Prompt.
An exact copy is required of the lines running from the one that contains "Embassy Suites Philadelphia" to the end of the material, both ends included, with pictures omitted.

Record extracts.
•••
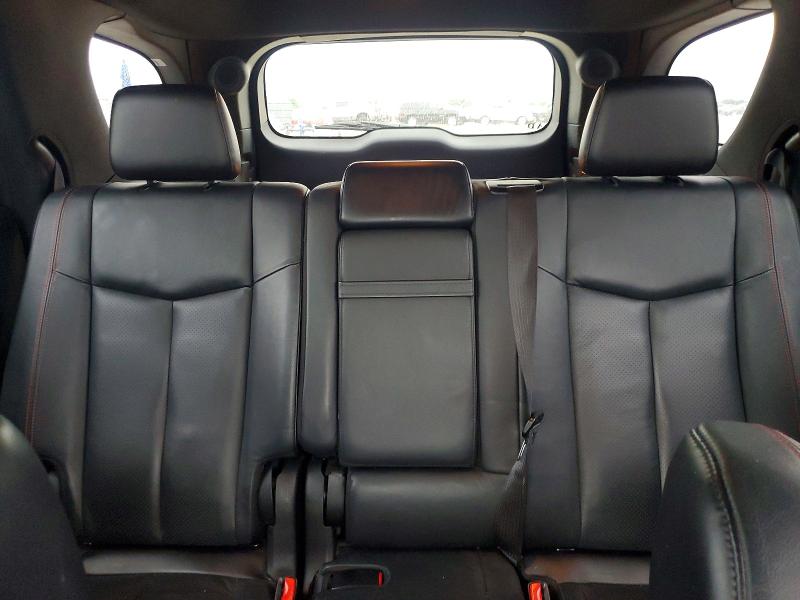 Продаж на аукціоні авто 2015 Dodge Durango, vin: 1C4SDHCT4FC169382, номер лоту: 51009596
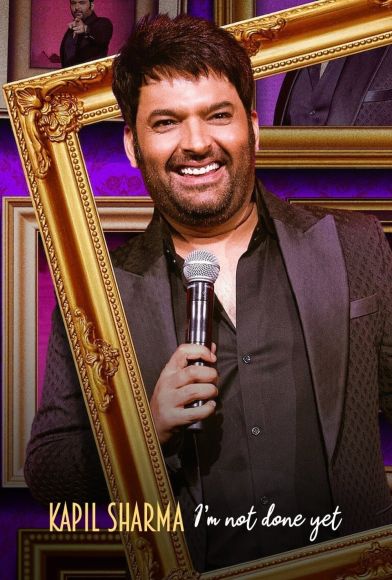 Kapil Sharma: I'm Not Done Yet Fragman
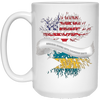 Image of American Grown with Bahamian Roots T-Shirt Bahamas Tee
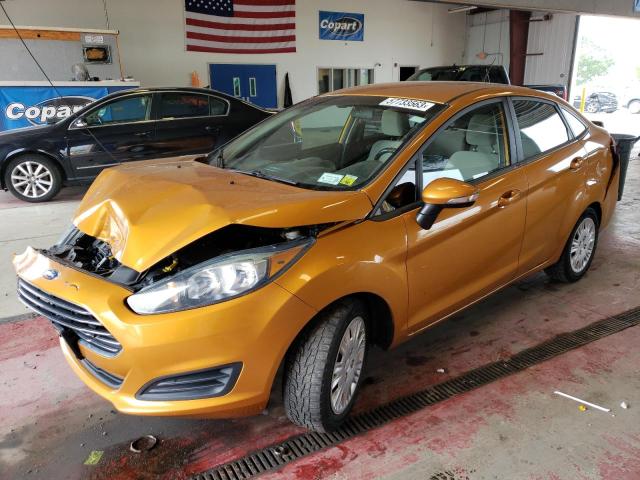 2016 Ford Fiesta SE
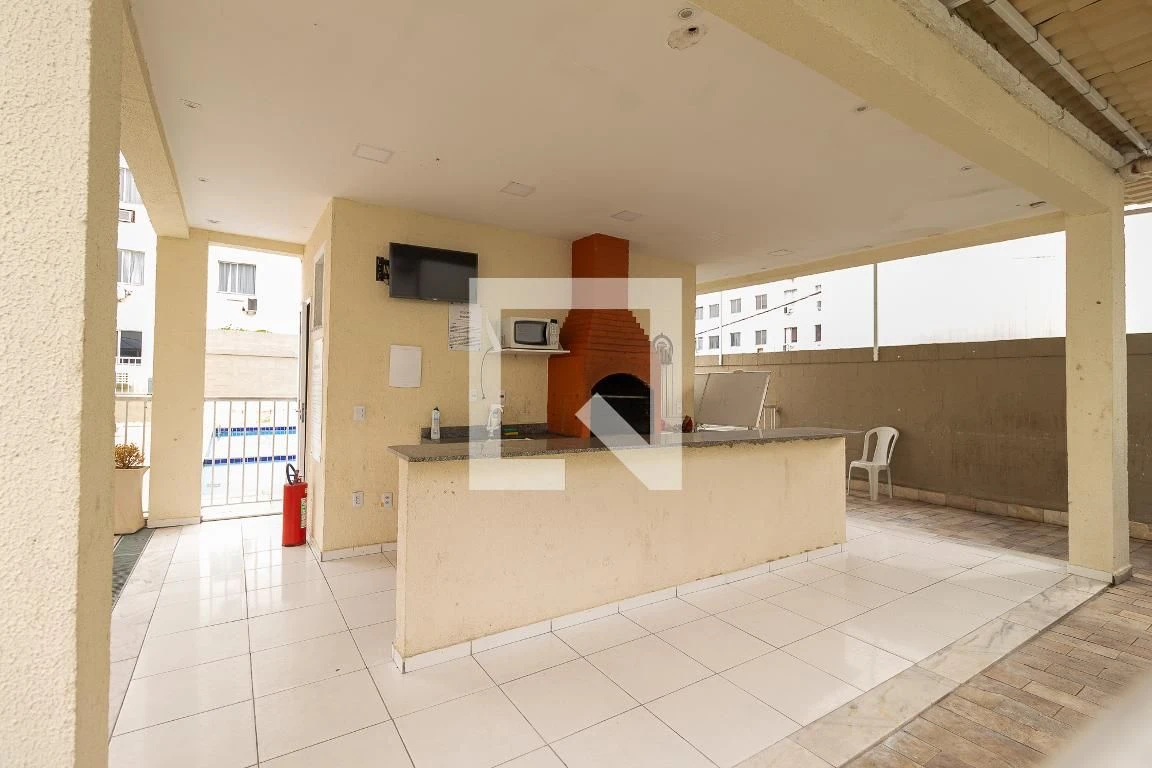 Apartamento mobiliado com 2 quartos e cozinha integrada — photo 32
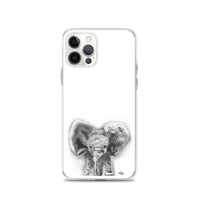 Elephant - Wireless Compatible - iPhone Case
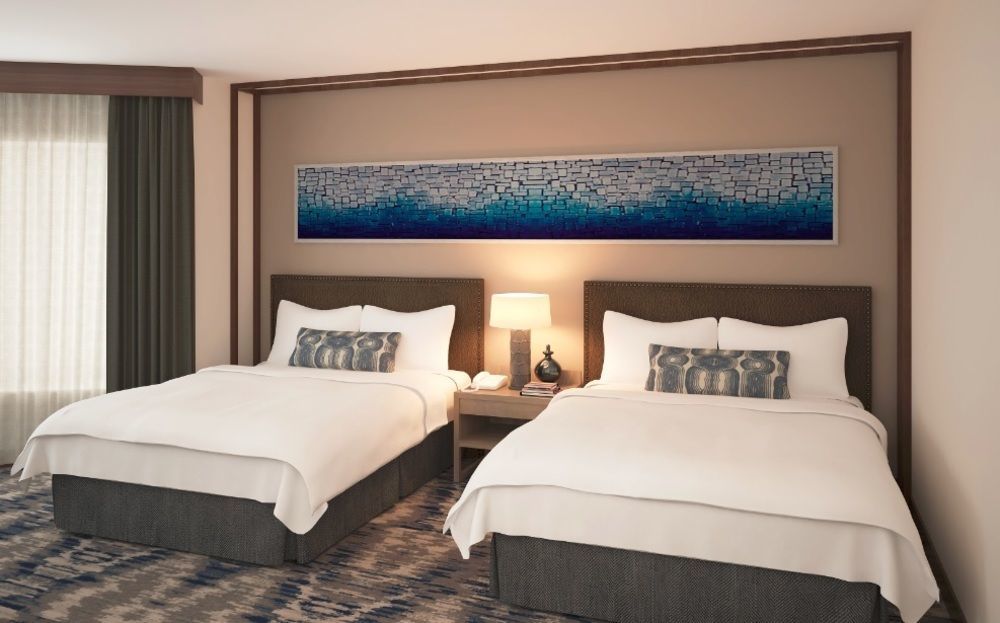 Embassy Suites Philadelphia - Center City Екстер'єр фото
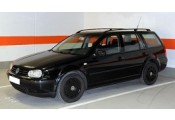 Exhaust system VOLKSWAGEN Golf IV 1.6i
•••
Answer to this exercise.
 Embassy Suites Philadelphia - Center City Екстер'єр фото
 Exhaust system VOLKSWAGEN Golf IV 1.6i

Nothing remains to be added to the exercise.